**Your objective:**
Leave the pictures aside. Retype exactly the lines from the top of the data below through the one holding "Size: 1153x1382 |".

**Data block:**
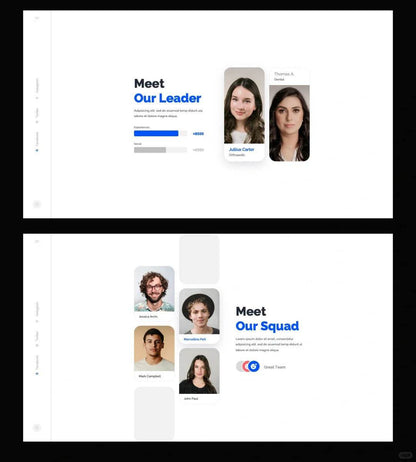 1031 Blue and white color matching simple sense PPT template - whaledesign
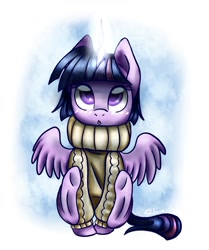 Size: 1153x1382 | Tagged: safe, artist:shkura2011, imported from derpibooru, twilight sparkle, alicorn, pony, clothes, female, glowing horn, looking up, magic, sitting, solo, spread wings, sweater, turtleneck, twilight sparkle (alicorn)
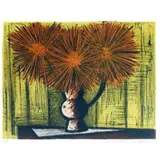 Bernard Buffet, Dahlias Sur Fond Jaune., Lithograph "Dahlias Sur Fond Jaune." Pencil signed lower right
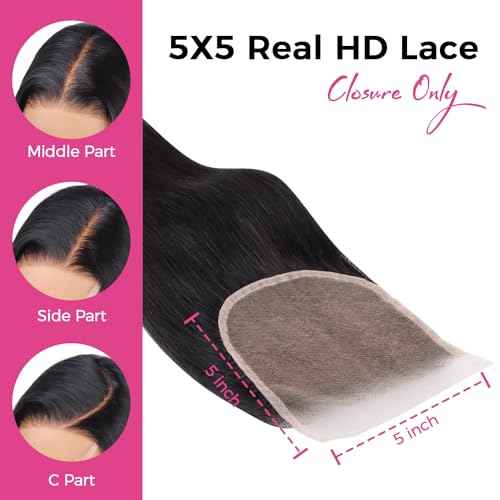 Lashey 5x5 SKINLIKE Real HD Lace Closure Straight, 0.10mm Ultra thin HD Lace Human Hair Closure Pre Bleached Knots Pre Plucked Invisible Hairline 14 Inch Natural Black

**Result of the exercise:**
 1031 Blue and white color matching simple sense PPT template - whaledesign
 Size: 1153x1382 | Tagged: safe, artist:shkura2011, imported from derpibooru, twilight sparkle, alicorn, pony, clothes, female, glowing horn, looking up, magic, sitting, solo, spread wings, sweater, turtleneck, twilight sparkle (alicorn)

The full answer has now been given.